Okay guys, I need a little help. Does anyone have an idea of what a fully rigged Bass Tracker 17 with a 40/50 hp motor weighs? Here is my reason for asking. I currently do not own a bass boat but I am considering purchasing one. The major thing holding me back from a fiberglass boat is my truck. She's getting old, it's two wheel drive and it's a standard. It does have a 350 V8 and I have pulled my friends 17.5 ft Hydra sport with a 150 hp. On flat ground it seems to do alright but pulling hills you definately know it's back there. Pulling out of the launch ramp is a somewhat scary ordeal all it's own mostly because it is a standard. That is what has me thinking of the 17ft Bass Tracker. Any ideas or comments????

Thanks!


----------



## misfit

check out tracker's website for specs.not sure if they list with motor weight,but rest of package should be.my guess is 1800 pounds + or - for total package,depending on model and motor.


----------



## Ken G

20 years ago I bought a new Tracker V-17 with a 50hp Mercury. I towed it all over the place with an '84 S-10 2wd pickup with a 2.8L V-6 with a 5 speed manual transmission. On long hills I would drop down to 4th gear for awhile but otherwise it pulled it great.

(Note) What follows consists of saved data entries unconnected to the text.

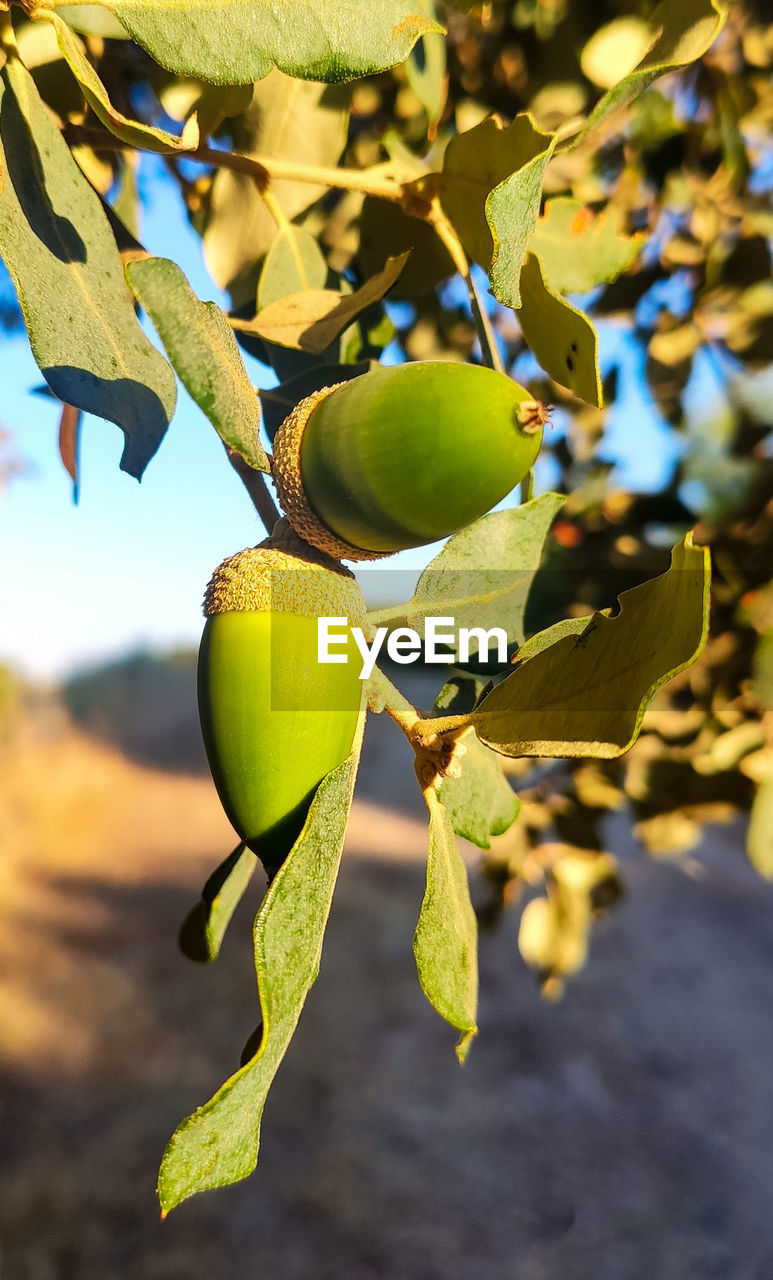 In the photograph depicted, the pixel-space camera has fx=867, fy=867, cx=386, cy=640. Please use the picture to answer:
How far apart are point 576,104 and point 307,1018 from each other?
3.48 metres

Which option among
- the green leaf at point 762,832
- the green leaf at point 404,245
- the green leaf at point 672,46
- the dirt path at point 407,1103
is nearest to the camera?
the green leaf at point 672,46

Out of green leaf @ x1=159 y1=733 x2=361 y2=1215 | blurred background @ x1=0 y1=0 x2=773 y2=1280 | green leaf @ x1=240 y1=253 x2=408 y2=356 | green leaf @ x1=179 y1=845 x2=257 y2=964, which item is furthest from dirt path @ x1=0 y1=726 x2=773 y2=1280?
green leaf @ x1=240 y1=253 x2=408 y2=356

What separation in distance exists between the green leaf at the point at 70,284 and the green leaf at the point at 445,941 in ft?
0.85

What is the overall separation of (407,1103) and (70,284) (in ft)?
10.5

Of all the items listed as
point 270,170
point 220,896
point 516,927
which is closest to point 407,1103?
point 516,927

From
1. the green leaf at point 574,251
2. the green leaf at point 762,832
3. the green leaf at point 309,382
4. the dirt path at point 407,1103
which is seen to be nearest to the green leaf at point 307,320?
the green leaf at point 309,382

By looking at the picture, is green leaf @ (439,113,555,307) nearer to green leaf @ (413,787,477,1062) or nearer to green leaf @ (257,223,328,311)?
green leaf @ (257,223,328,311)

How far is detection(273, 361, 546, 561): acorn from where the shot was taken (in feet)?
1.40

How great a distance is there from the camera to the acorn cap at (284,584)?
0.47 meters

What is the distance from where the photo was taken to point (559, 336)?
433 millimetres

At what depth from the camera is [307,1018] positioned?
3.62 meters

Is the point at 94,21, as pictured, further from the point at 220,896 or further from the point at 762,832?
the point at 762,832

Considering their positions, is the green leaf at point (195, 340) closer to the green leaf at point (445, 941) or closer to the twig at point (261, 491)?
the twig at point (261, 491)

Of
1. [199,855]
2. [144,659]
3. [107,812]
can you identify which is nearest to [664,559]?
[199,855] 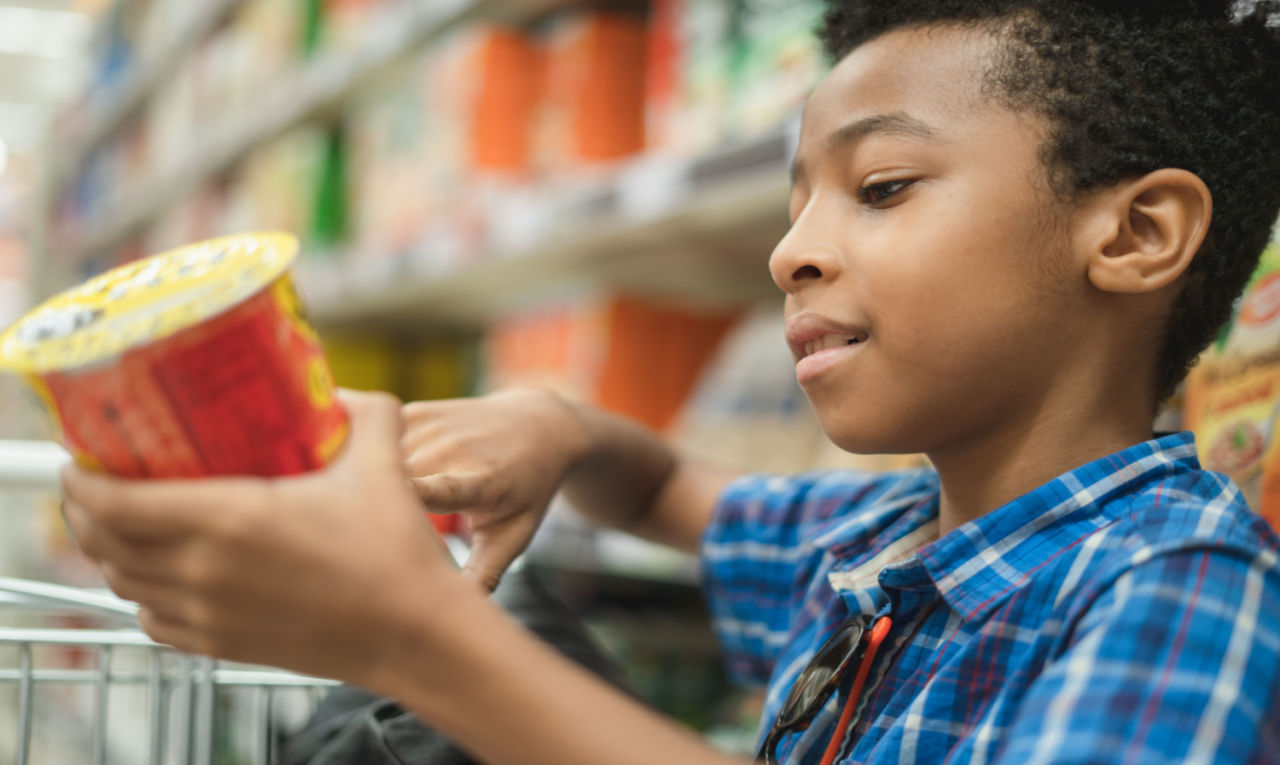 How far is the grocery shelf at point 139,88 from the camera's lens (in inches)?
139

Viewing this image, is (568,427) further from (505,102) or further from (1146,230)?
(505,102)

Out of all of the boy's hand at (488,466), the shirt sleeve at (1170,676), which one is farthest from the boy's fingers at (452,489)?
the shirt sleeve at (1170,676)

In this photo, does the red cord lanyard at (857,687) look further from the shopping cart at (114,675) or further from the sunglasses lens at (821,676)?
A: the shopping cart at (114,675)

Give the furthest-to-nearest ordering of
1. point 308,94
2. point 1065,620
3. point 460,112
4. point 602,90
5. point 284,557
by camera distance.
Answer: point 308,94 < point 460,112 < point 602,90 < point 1065,620 < point 284,557

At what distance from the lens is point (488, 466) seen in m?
0.81

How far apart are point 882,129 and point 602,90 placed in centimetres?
116

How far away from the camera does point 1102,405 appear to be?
70cm

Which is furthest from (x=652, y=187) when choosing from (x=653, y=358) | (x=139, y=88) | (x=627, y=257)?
(x=139, y=88)

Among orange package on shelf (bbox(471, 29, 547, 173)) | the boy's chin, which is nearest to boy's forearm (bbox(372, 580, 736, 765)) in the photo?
the boy's chin

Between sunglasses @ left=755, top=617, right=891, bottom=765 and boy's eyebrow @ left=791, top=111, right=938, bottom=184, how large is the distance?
32 centimetres

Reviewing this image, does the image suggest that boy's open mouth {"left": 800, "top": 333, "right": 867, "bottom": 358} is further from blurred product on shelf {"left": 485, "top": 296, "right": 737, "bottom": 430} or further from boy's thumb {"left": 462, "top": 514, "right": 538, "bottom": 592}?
blurred product on shelf {"left": 485, "top": 296, "right": 737, "bottom": 430}

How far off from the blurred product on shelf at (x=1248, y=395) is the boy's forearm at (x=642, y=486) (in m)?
0.44

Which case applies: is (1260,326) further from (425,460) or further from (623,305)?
(623,305)

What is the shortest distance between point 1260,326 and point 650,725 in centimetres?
64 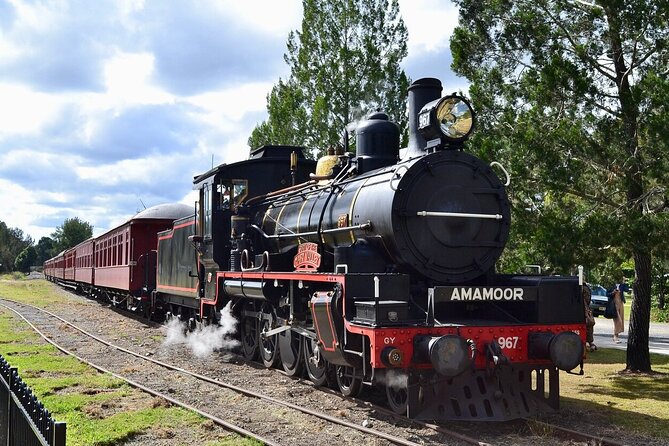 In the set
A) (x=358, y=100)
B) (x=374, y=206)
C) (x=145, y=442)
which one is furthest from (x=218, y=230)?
(x=358, y=100)

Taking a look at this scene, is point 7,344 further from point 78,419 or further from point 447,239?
point 447,239

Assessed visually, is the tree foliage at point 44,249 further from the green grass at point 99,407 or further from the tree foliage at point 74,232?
the green grass at point 99,407

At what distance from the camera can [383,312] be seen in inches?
253

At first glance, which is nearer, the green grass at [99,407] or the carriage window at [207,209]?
the green grass at [99,407]

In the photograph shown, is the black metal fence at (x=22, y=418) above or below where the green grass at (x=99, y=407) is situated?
above

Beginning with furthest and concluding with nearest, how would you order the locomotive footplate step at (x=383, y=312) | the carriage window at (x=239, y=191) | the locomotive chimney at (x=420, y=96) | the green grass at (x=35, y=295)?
the green grass at (x=35, y=295) → the carriage window at (x=239, y=191) → the locomotive chimney at (x=420, y=96) → the locomotive footplate step at (x=383, y=312)

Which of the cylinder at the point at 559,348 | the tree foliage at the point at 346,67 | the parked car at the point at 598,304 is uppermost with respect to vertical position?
the tree foliage at the point at 346,67

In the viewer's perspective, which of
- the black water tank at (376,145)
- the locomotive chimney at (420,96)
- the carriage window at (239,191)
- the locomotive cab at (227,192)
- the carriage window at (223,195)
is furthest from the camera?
the carriage window at (239,191)

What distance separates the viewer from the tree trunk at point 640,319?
1026 centimetres

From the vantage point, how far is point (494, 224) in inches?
299

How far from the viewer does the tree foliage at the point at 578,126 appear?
29.2ft

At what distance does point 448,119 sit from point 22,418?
5.24m

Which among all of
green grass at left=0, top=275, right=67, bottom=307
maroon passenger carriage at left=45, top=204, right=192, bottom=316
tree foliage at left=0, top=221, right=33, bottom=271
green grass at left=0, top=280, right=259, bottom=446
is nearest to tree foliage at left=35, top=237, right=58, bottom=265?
tree foliage at left=0, top=221, right=33, bottom=271

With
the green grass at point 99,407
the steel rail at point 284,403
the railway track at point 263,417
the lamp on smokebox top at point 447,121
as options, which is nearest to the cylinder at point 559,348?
the railway track at point 263,417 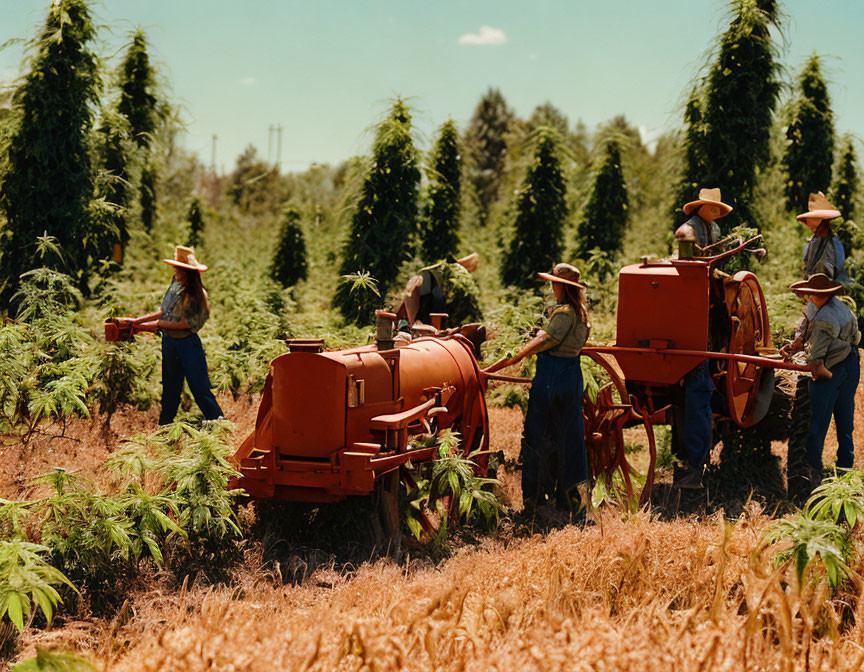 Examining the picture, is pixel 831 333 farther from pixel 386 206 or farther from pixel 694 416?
pixel 386 206

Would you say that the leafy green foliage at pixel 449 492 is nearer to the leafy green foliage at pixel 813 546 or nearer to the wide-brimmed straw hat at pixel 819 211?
the leafy green foliage at pixel 813 546

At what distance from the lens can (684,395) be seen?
23.4 ft

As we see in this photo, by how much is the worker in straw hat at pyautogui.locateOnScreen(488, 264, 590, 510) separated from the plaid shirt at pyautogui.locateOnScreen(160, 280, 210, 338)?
2.62m

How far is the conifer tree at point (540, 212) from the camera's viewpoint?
52.1ft

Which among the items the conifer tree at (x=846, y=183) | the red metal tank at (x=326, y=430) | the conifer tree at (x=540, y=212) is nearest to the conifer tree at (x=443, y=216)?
the conifer tree at (x=540, y=212)

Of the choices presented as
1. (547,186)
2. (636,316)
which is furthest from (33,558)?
(547,186)

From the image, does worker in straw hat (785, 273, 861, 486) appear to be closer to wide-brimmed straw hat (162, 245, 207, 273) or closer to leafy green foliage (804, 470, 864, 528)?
leafy green foliage (804, 470, 864, 528)

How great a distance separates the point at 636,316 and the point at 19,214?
8.50 metres

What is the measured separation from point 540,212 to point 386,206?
390 centimetres

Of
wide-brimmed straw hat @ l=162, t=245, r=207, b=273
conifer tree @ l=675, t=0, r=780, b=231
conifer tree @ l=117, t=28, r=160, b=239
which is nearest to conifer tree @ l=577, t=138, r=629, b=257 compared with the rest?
conifer tree @ l=675, t=0, r=780, b=231

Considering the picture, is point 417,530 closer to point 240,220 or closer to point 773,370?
point 773,370

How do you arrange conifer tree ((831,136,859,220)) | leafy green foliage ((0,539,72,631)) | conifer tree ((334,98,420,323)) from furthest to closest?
conifer tree ((831,136,859,220)) < conifer tree ((334,98,420,323)) < leafy green foliage ((0,539,72,631))

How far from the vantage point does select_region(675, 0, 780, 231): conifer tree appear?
13.4 metres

The truck did have a limited slip rear end which may have helped on a wet ramp but I don't know if it was necessary. 

If you aren't comfortable on a ramp with a manual transmission, tie a rope on a wheel chock and pull it out of the way as you get rolling.


----------



## wballard77

I have a 2006 Tracker Pro Team 170TX 
Weight is 1384lbs. I pull it with a Durango with ease! 
I have a buddy that pulls an older one with a 4 cyl. Accord WGN


----------



## Bill-H

i have a 2006 bass tracker 175 pt it weighs 1592 lbs and i pull it with a 2000 chevy blazer with no trouble at all.


----------



## bassaddict

Thank you for the replys! I didn't think bass trackers really weighed that much. Please forgive my ignorance but is there a noticible difference when pulling one verses a fiberglass boat of comparable size? I remember noticing the coast guard(?) plate on my buddies hydra sport and it said 1,200#'s. I don't recall if that was with the motor or not. (I'm assuming not?) I just don't what to buy a boat and then be forced into buying another truck just to pull it.

Thanks again.


----------



## ohio-outdoorsman

i've got you all beat! i towed a bass tracker pro 17 with a gmc sonoma(s-10) with a big 2.5 liter 4-banger 5speed stick for years. nooo problems!


----------



## Hetfieldinn

bassaddict said:


> I remember noticing the coast guard(?) plate on my buddies hydra sport and it said 1,200#'s. I don't recall if that was with the motor or not. (I'm assuming not?)


That would be the weight capacity of the boat, not what the boat weighed.


----------